Swedish exporters miss out on Asia's upswing
The Local · 17 Sep 2004, 11:24
Published: 17 Sep 2004 11:24 GMT+02:00
Swedish exports are now seen up 8.5 per cent this year, one per cent higher than the Trade Council's estimate issued over the past quarter.
"This will be an extremely strong year for the global economy, and probably even become one of the top economic growth years. In such situations, Swedish exports usually rise by roughly 10 per cent," said Gozzo.
However, he noticed that Swedish export companies failed to capitalise on the upswing in Asia. With the exception of Japan, most Asian economies are on a roll. Taiwan, Thailand and Malaysia have growth rates of between 6 and 8 per cent this year while China has passed the overheating limit with a GDP growth of 10 per cent in the first half of 2004.

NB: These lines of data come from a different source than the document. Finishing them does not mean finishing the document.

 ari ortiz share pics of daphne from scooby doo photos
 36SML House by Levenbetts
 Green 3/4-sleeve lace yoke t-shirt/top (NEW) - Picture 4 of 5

Adolf Lundin 170 million kronor richer in one day
A decision yesterday by the Russian government to open the world's largest petroleum and oil company Gazprom to foreign investors sent the Gazprom share price 13 per cent higher. This, in turn, raised the value of Adolf Lundin's Vostok Nafta by 570 million crowns and Lundin, personally, became 170 million crowns richer on the windfall, reported DI.

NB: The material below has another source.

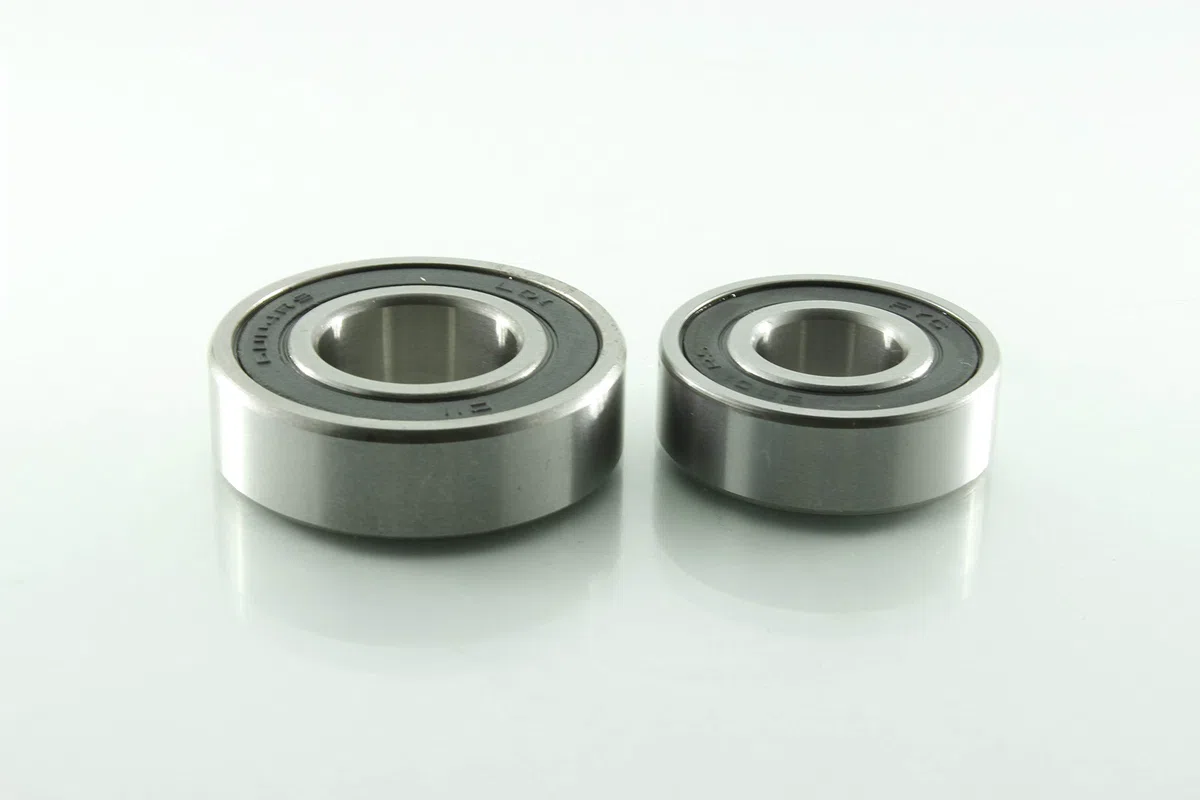 MECANIGOMEZ-Rodamientos Rueda Delantera Yamaha 87-22. Kits Reparación Compuesto de los rodamientos y Retenes necesarios. (25-1044)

Through successive buy transactions, Vostok Nafta has acquired 274 million shares in Gazprom, now worth 6.3 billion crowns.
TDC bid for Song Networks
Danish telecom operator TDC yesterday placed a bid for Song Networks worth roughly 4 billion crowns, corresponding to a bid premium of 45.4 per cent. For Song Networks' main owner Stena Adactum, controlled by the family of Göteborg-based shipping magnate Dan Sten Olsson, TDC's offer will generate a capital gain of 300 million crowns.

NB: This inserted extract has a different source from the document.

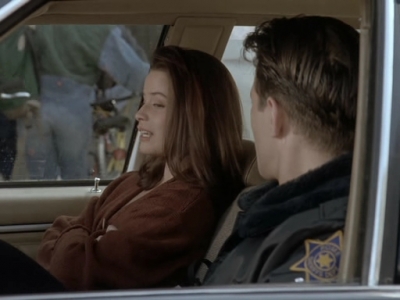 Charmed-Online_dot_nl-PicketFences1x05-0815.jpg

The bid – considered generous by many analysts – is requires the consent of Song Networks' shareholders and the approval of regulatory authorities.
24 hours that shook Handelsbanken
In August 1978, the US government froze Handelsbanken's assets in the USA after the bank exchanged 40 million dollars for the Hanoi government – at the time; the US's hated nemesis. This crisis was held secret by the Swedish government for 26 years. But now, former Expressen editor in chief and US correspondent Staffan Thorsell has exposed the historical incident in a book entitled "Sweden in the White House".